Dalam pandangan penulis, mungkin niat dosen yang menganjurkan mahasiswa membeli buku (materi) atau buku karyanya adalah baik. Edukasinya totalitas. Supaya mahasiswa benar-benar senang membaca buku. Namun memang, tidak semua mahasiswa akan berpikir demikian. Terkadang ada saja yang berpikir lain. Mengartikan anjuran dosen itu sebagai pungutan liar atau pungli.
Dalam dunia kampus, tindakan pungli jelas dilarang. Jadi, tidak mungkin seorang dosen melakukan pungli (karena ada konsekuensinya).

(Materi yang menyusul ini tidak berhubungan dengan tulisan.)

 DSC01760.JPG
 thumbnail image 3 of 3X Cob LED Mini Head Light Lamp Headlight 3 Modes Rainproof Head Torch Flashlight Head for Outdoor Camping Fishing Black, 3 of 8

Aturannya jelas tertuang dalam Keputusan Menteri Agama Republik Indonesia Nomor 82 tahun 2023 tentang UKT pada Perguruan Tinggi Keagamaan Islam Negeri Tahun Akademik 2023-2024. Salah satu pasalnya menyebutkan bahwa "Perguruan tinggi keagamaan islam negeri dilarang memungut uang pangkal dan pungutan lain selain UKT PTKIN dari Mahasiswa baru program diploma dan program sarjana."
Jika mahasiswa berpikir positif, anjuran dosen tersebut sebetulnya dapat diartikan dengan prasangka baik. Terkecuali jika anjurannya sudah dibarengi dengan ancaman-ancaman yang jika tidak dilakukan dapat merugikannya sebagai mahasiswa. Jika demikian, mahasiswa boleh berprasangka lain. Tapi alangkah lebih bijak jika sebelumnya ditanyakan terlebih dahulu mengenai alasan mengapa anjuran itu (jika tidak dilakukan) dibarengi ancaman-ancaman berupa nilai yang jelek dan sebagainya.
Barangkali jika langsung disimpulkan tanpa ada proses bertanya akan ada kesalahpahaman yang malah merugikan dosen. Tapi dalam pandangan penulis, dengan alasan apa pun, sejatinya anjuran membeli buku yang dibarengi dengan ancaman seperti itu mengandung unsur kurangnya edukatif. Kesannya seperti pemaksaan meski tujuannya baik.